The first time I connected with someone on the Latino floor, it was because I mentioned a comment someone had made about my hair growing up. When I shared it with a few other friends, they had rolled their eyes at me.
Instead, Carolina-- the student who would soon become my best friend-- looked at me and said, "Oh, I know exactly what you mean."
Kinship, the sense of being seen, understood, and validated, is a powerful tool. While, yes, I can, would, and do often explain things about myself that stem from my identity, it can be tiring. There is something valuable in taking the time to be with other people who have also lived those similar experiences. Someone else who can say, "Oh, I know exactly what you mean," and actually mean it. It is that feeling of kinship that students who have come from oppressed backgrounds are typically kept from. Instead, they are often told to conform so that they can earn "kinship" with the dominant group.
The students who were congregating in "safe" spaces were not doing so to necessarily exclude others. They were creating a space of kinship to heal from the sense of being "othered" many of us had faced growing up and/or were facing now in the university setting.
When I went to lectures or discussions held by groups I was a part of, feeling "safe" was not because I thought everyone agreed with me. It's because I knew the people in that group understood the years of hierarchal thinking that had socialized us to believe who we were wasn't worthwhile. It is because the disagreements we would have would be balanced with the kinship that many of us already felt because of our shared cultural backgrounds.
I don't think that means everyone in a group immediately gains "kinship." I also have certainly found kinship with people who grew up in vastly different cultures than my own.
The value of creating these spaces, though, is not simply for these individual relationships that organically occur in all of our lives.
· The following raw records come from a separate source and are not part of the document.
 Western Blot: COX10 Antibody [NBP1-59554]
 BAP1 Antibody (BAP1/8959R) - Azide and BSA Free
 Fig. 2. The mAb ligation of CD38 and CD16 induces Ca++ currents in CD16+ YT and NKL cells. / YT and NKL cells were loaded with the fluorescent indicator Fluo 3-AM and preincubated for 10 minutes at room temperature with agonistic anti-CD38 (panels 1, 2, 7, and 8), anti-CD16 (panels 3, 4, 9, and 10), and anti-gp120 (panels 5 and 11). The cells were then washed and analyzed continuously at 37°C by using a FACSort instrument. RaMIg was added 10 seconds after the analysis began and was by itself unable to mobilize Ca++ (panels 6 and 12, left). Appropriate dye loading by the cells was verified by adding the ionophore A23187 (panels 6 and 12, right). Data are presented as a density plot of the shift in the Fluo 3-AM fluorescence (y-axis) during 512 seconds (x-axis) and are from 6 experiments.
It is to combat a society that has attempted to strip kinship away from us by telling us the things that connected us culturally were never worthwhile to begin it.
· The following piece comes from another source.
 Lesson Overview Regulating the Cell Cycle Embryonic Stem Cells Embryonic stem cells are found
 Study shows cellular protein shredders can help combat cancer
I don't advocate for silencing conversations, nor do a believe we should create a place where there is no more free exchange of ideas.
All I know is this: the ability to find "safe" spaces, or rather, spaces of kinship, made me a better person in spaces where I felt very, very different. It gave me the strength to speak up for myself. It also gave me the knowledge to understand why people who made unfair assumptions about me made them. It gave me the tools and compassion to have worthwhile conversations with those people, instead of isolating myself further from them. It gave me a place to call "home" so I could navigate the places that felt consistently foreign.
In the end, I think we all have the right to create those places of comfort, of safety, of kinship, so that we can all enter into discussions of difference feeling open and empowered.